# EXERCISE MATERIALS
++++++++

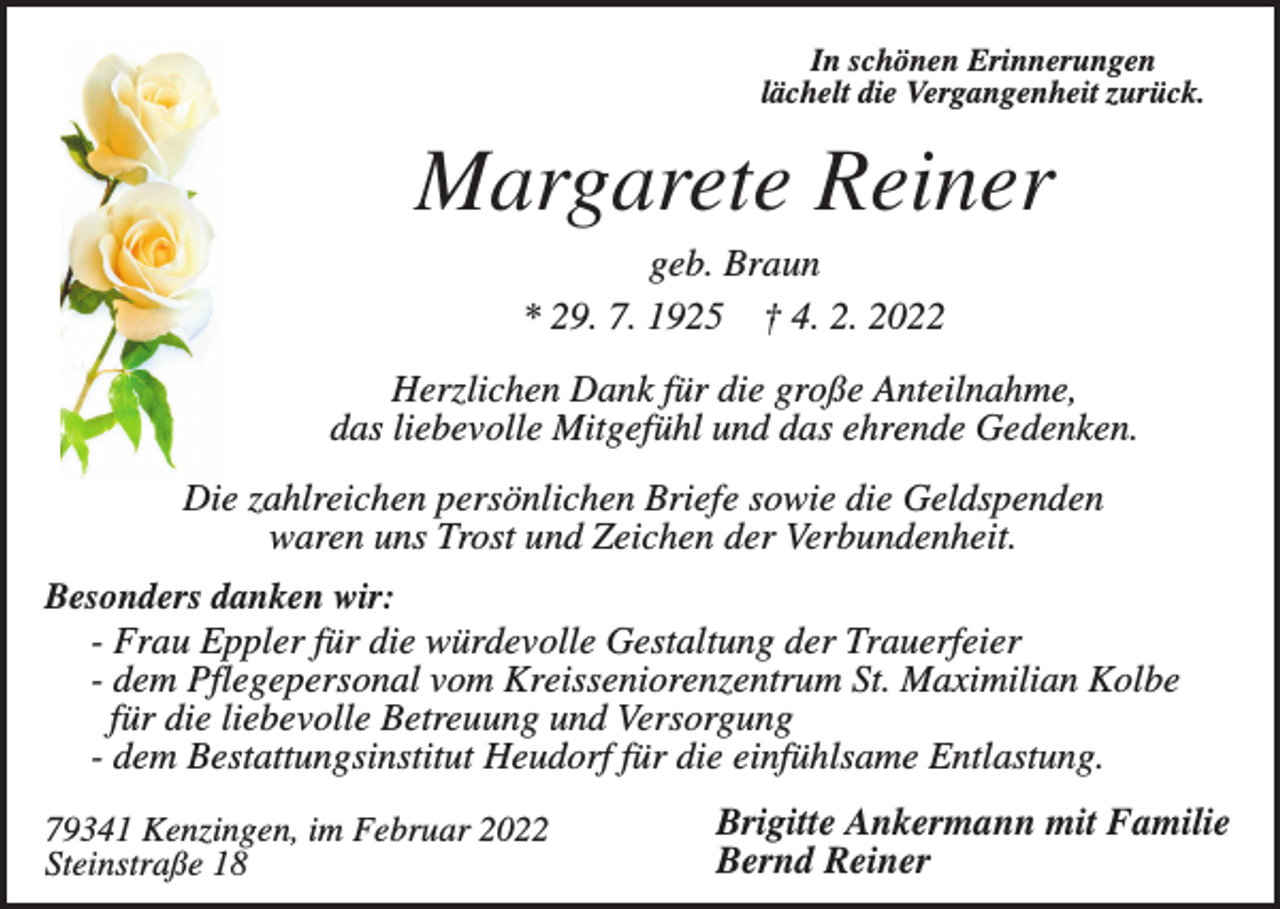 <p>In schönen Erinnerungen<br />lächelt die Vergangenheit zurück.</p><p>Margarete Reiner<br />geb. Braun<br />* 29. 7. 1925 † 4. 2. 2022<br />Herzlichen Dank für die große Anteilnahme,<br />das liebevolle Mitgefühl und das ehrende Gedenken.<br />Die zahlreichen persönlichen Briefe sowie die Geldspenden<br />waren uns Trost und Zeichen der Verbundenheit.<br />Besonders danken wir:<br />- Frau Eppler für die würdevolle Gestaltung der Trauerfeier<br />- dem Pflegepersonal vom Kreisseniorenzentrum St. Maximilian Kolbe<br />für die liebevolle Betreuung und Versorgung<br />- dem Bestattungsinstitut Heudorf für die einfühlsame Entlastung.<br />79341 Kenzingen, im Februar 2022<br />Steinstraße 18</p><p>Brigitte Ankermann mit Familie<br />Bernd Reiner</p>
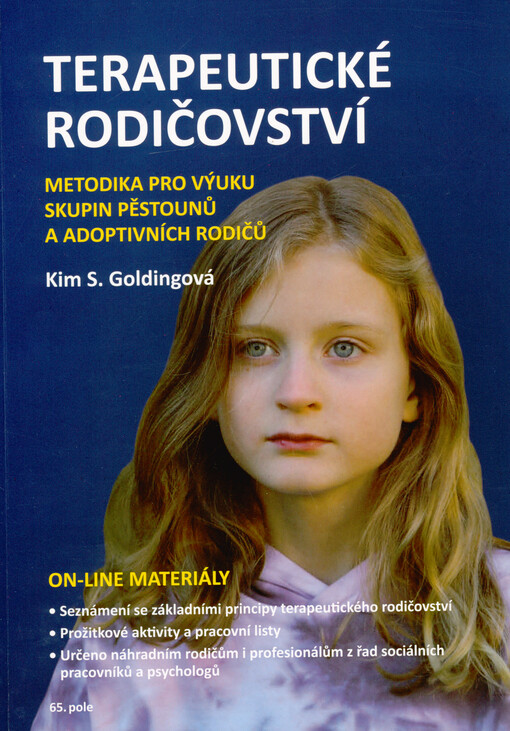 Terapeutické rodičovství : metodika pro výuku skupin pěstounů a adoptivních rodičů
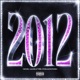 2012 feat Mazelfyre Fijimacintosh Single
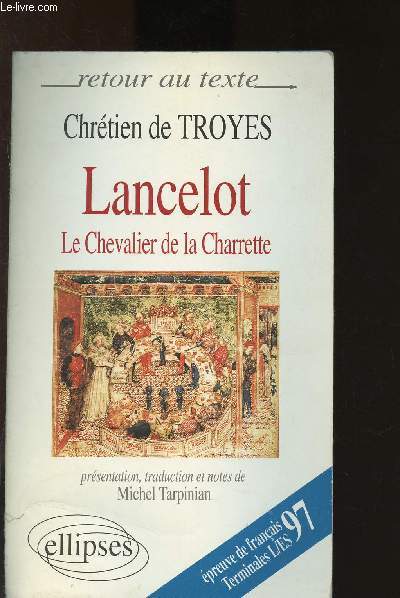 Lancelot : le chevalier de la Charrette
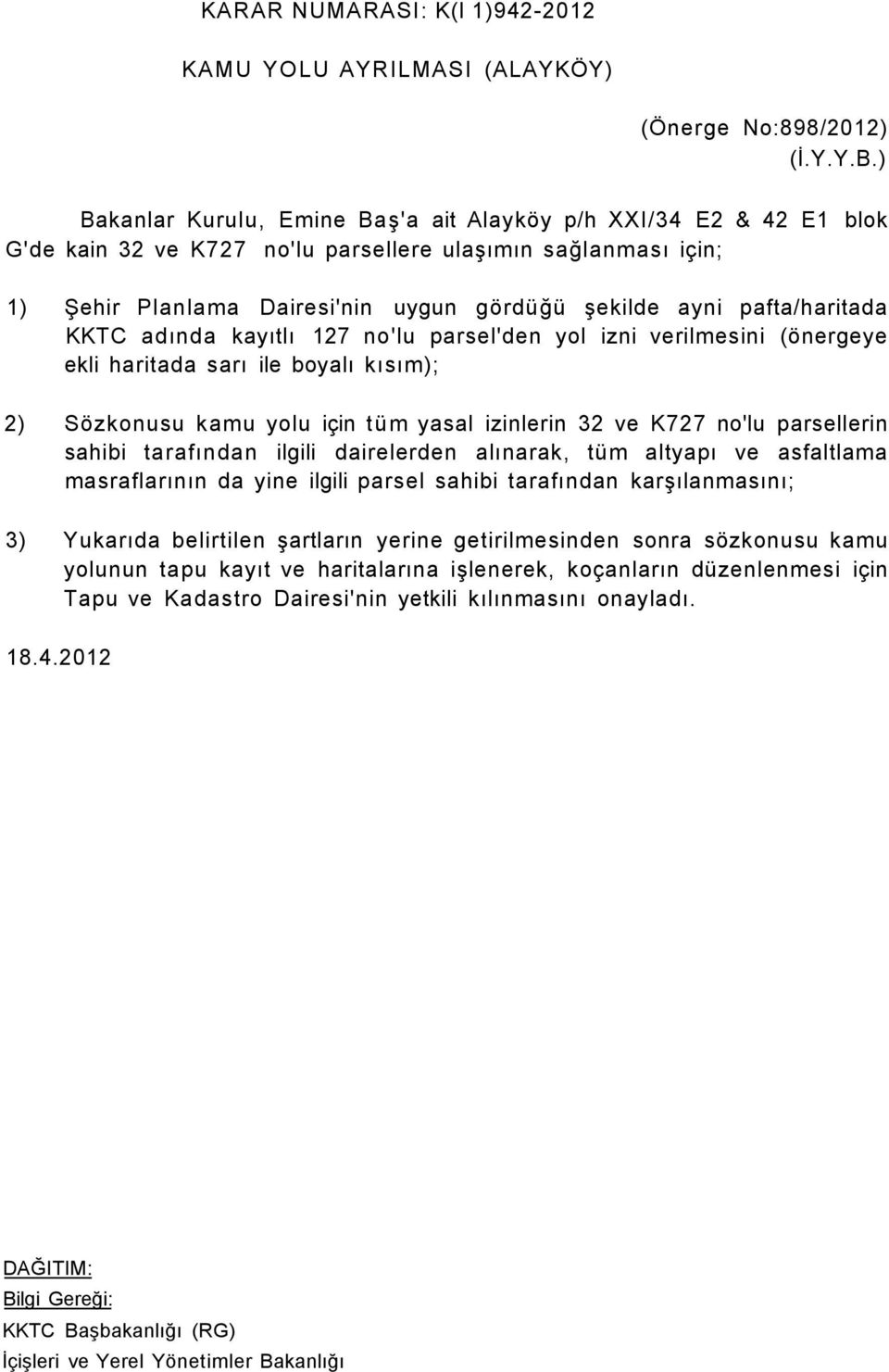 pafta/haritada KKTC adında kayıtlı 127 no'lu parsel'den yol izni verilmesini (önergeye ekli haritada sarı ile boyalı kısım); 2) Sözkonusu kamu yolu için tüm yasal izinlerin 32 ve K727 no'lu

++++++++

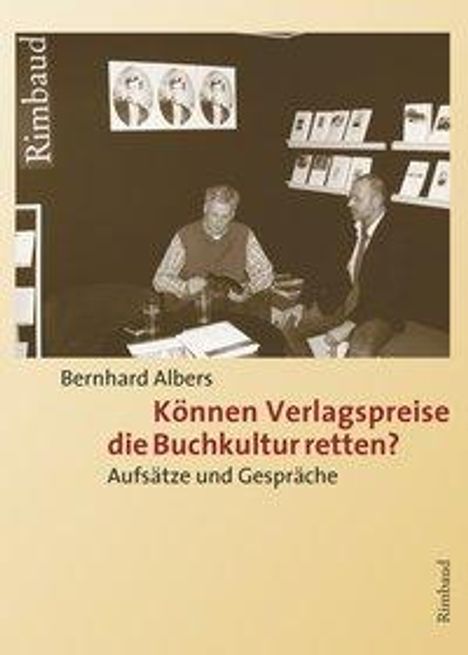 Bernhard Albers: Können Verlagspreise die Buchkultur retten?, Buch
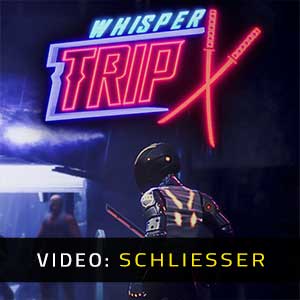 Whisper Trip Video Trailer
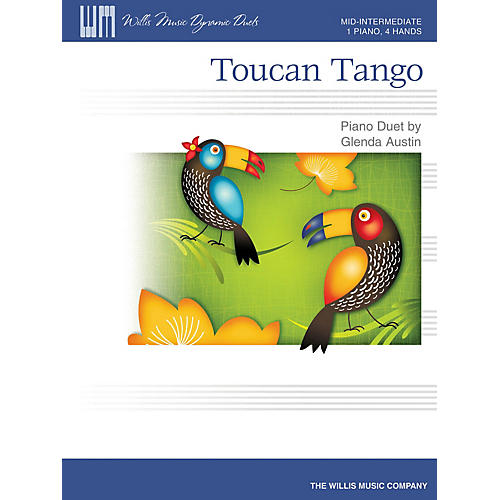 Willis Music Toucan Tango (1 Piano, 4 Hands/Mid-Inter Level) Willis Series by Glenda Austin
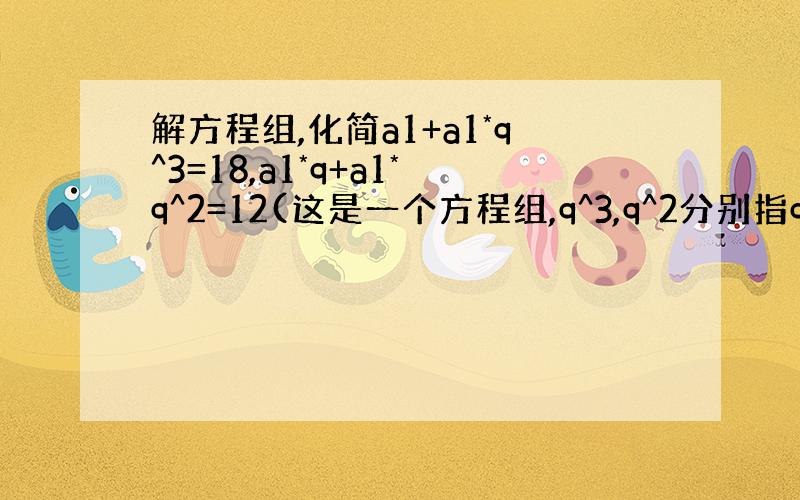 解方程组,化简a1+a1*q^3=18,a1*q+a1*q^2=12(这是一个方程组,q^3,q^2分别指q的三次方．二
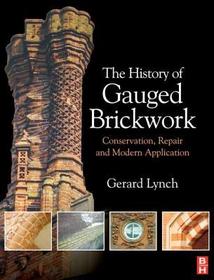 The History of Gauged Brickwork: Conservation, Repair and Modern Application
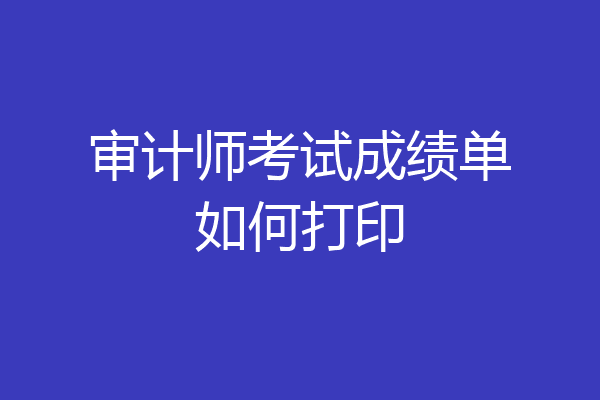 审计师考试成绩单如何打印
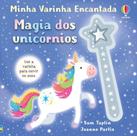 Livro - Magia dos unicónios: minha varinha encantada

++++++++

# TASK REQUIREMENTS
Print the part of the listing above that opens with the line containing "Willis Music Toucan" and closes with the line containing "Livro - Magia". Copy it exactly, both ends included, and omit the pictures.

# SOLUTION TO THE PROBLEM
 Willis Music Toucan Tango (1 Piano, 4 Hands/Mid-Inter Level) Willis Series by Glenda Austin
 解方程组,化简a1+a1*q^3=18,a1*q+a1*q^2=12(这是一个方程组,q^3,q^2分别指q的三次方．二
 The History of Gauged Brickwork: Conservation, Repair and Modern Application
 审计师考试成绩单如何打印
 Livro - Magia dos unicónios: minha varinha encantada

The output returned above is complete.